--- Listed entries ---
^^^^
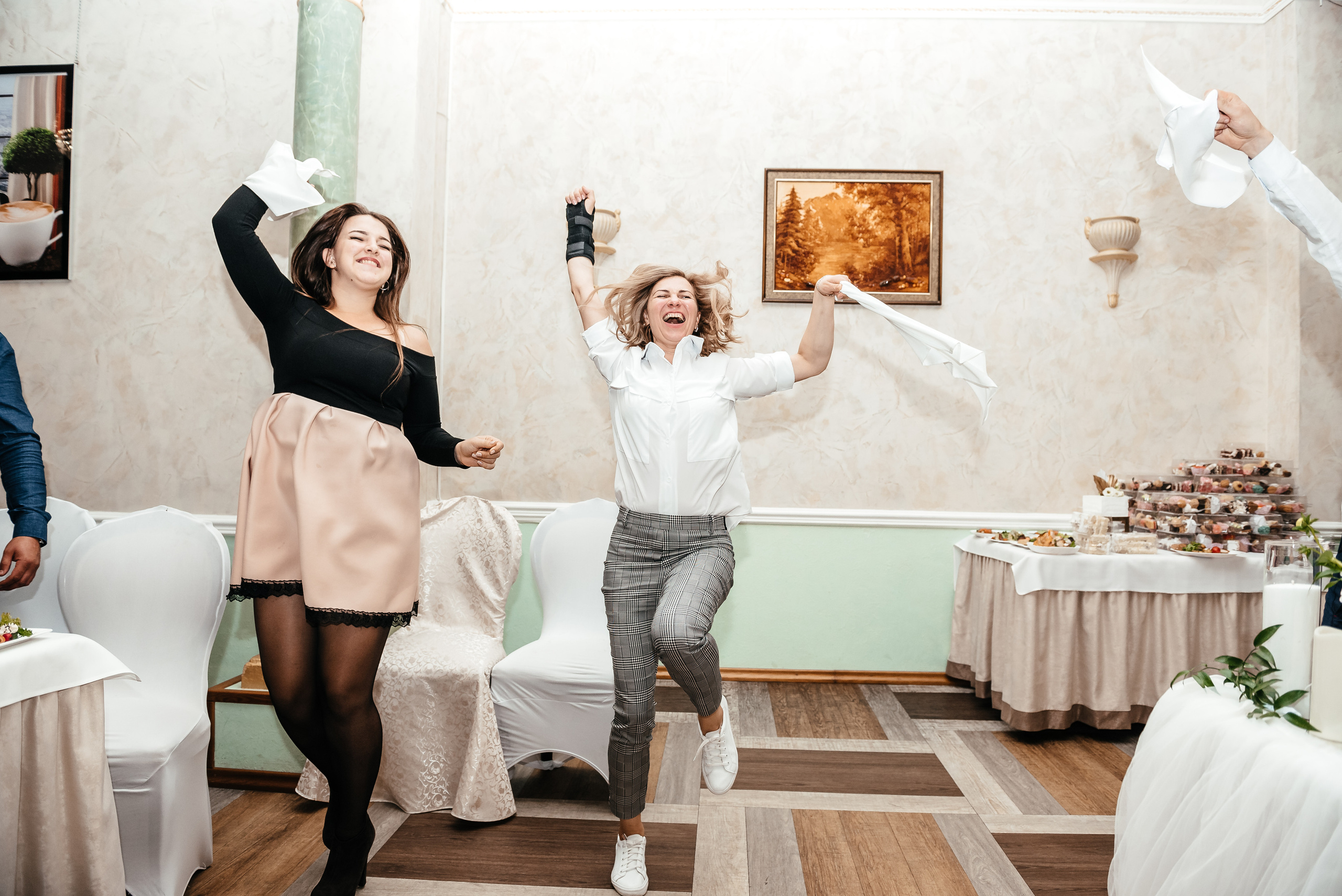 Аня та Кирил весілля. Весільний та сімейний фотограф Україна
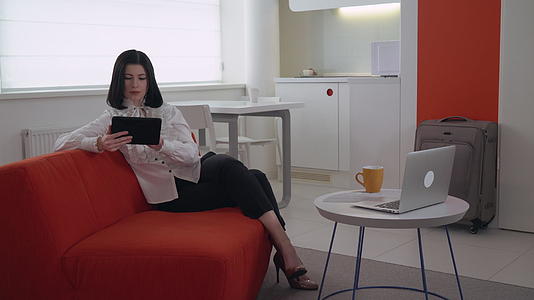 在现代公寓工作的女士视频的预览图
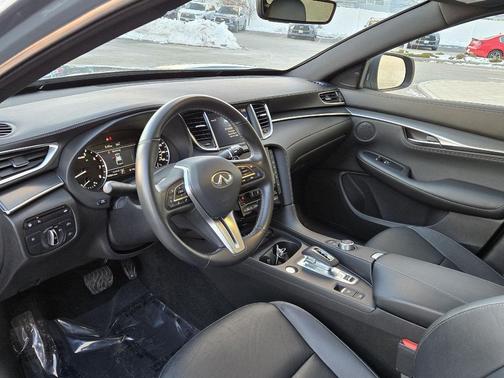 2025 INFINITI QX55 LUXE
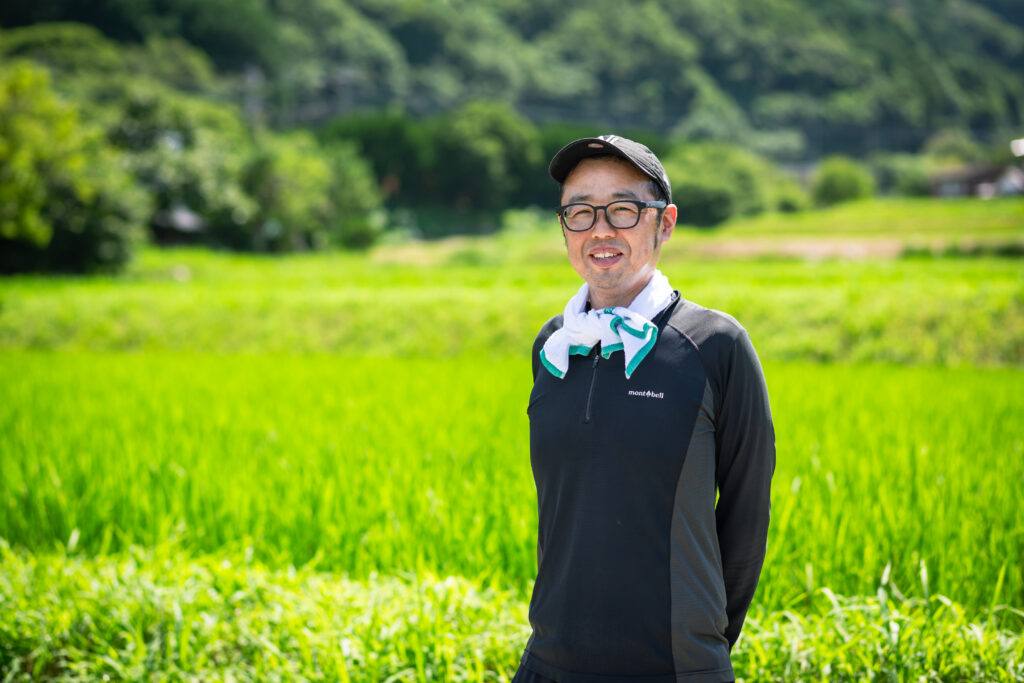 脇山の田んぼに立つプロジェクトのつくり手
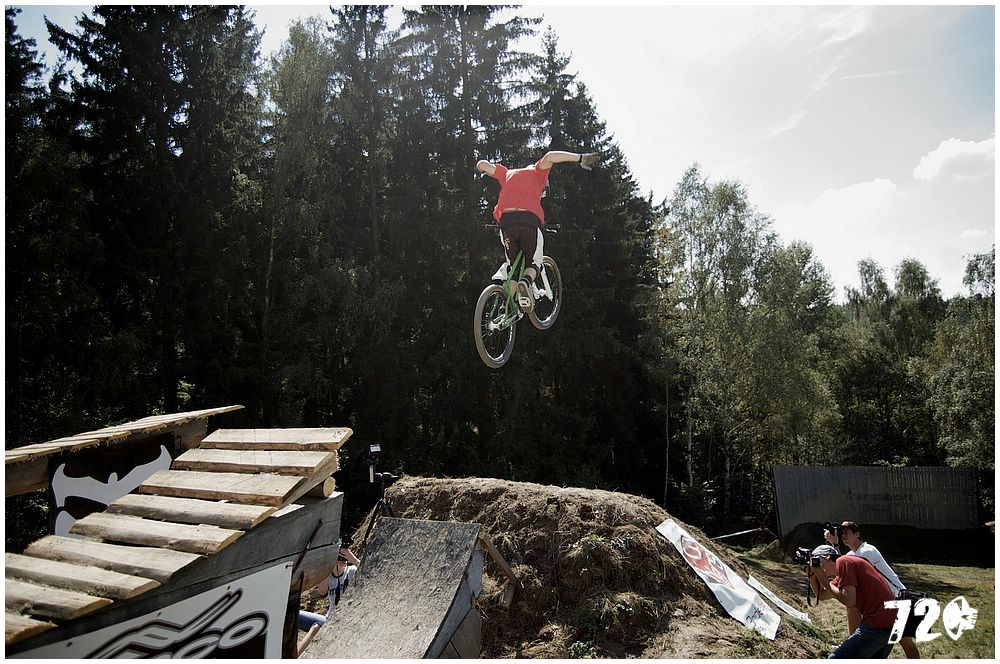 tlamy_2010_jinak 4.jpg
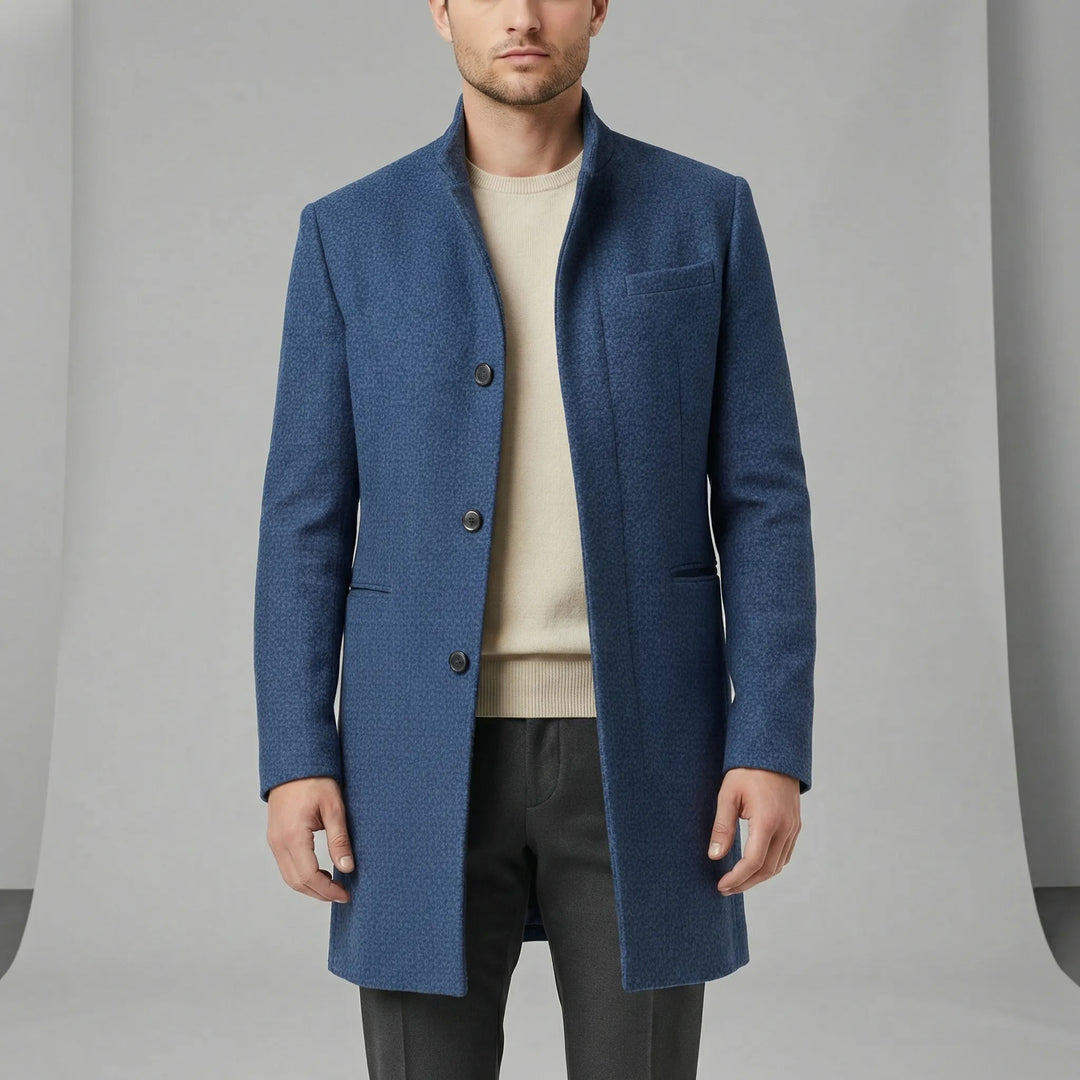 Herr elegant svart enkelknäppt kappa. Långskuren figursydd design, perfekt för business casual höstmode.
^^^^
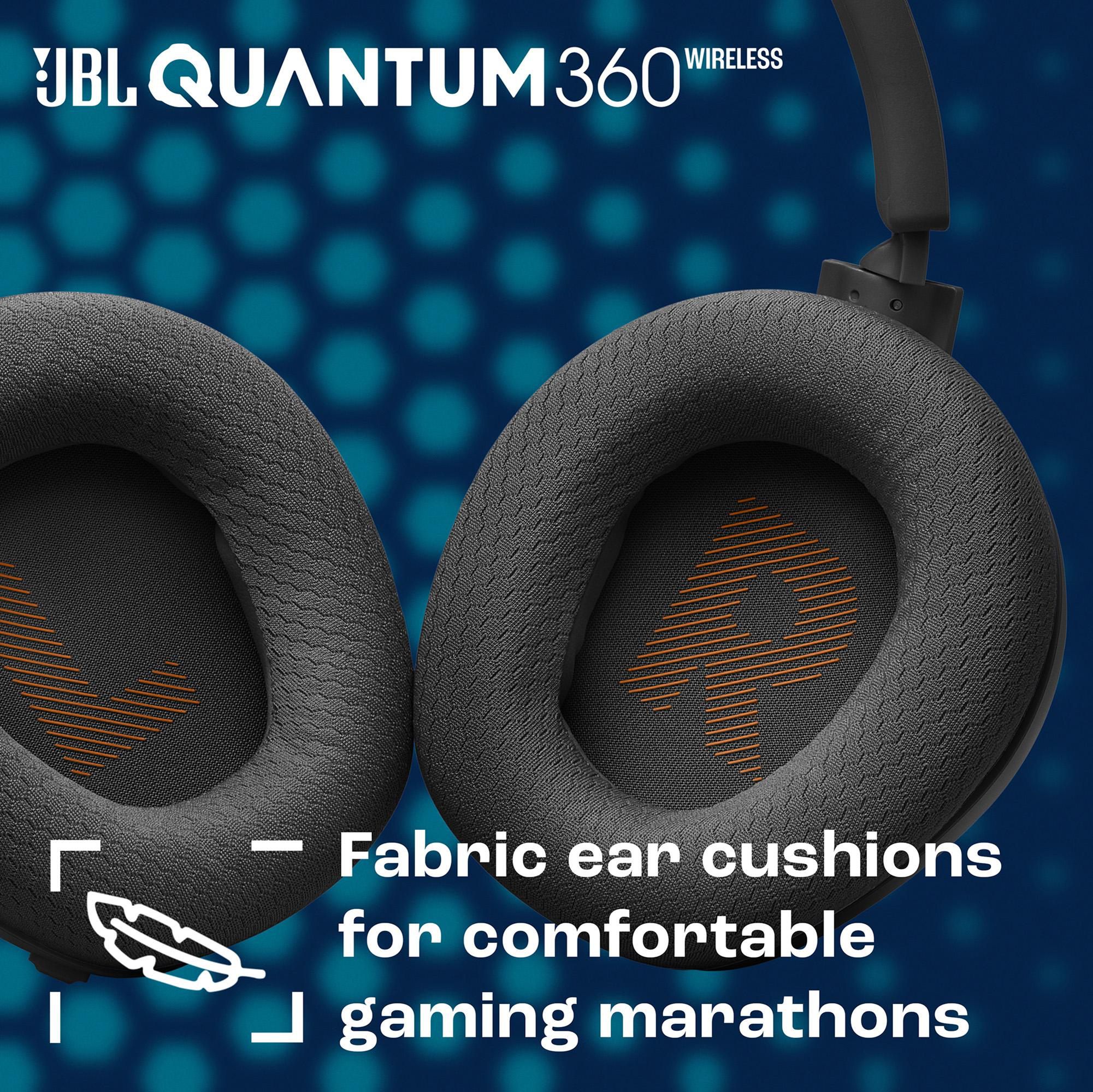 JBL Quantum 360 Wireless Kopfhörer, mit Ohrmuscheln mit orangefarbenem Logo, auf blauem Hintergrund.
^^^^
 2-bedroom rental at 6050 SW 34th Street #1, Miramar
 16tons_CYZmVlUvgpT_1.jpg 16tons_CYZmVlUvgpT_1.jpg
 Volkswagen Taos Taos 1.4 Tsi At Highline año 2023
^^^^
--- Problem ---
Keep to the lines above from the line with "脇山の田んぼに立つプロジェクトのつくり手" to the line with "Herr elegant svart", and set down exactly those, inclusive, with nothing else and every picture left out.

--- The answer ---
 脇山の田んぼに立つプロジェクトのつくり手
 tlamy_2010_jinak 4.jpg
 Herr elegant svart enkelknäppt kappa. Långskuren figursydd design, perfekt för business casual höstmode.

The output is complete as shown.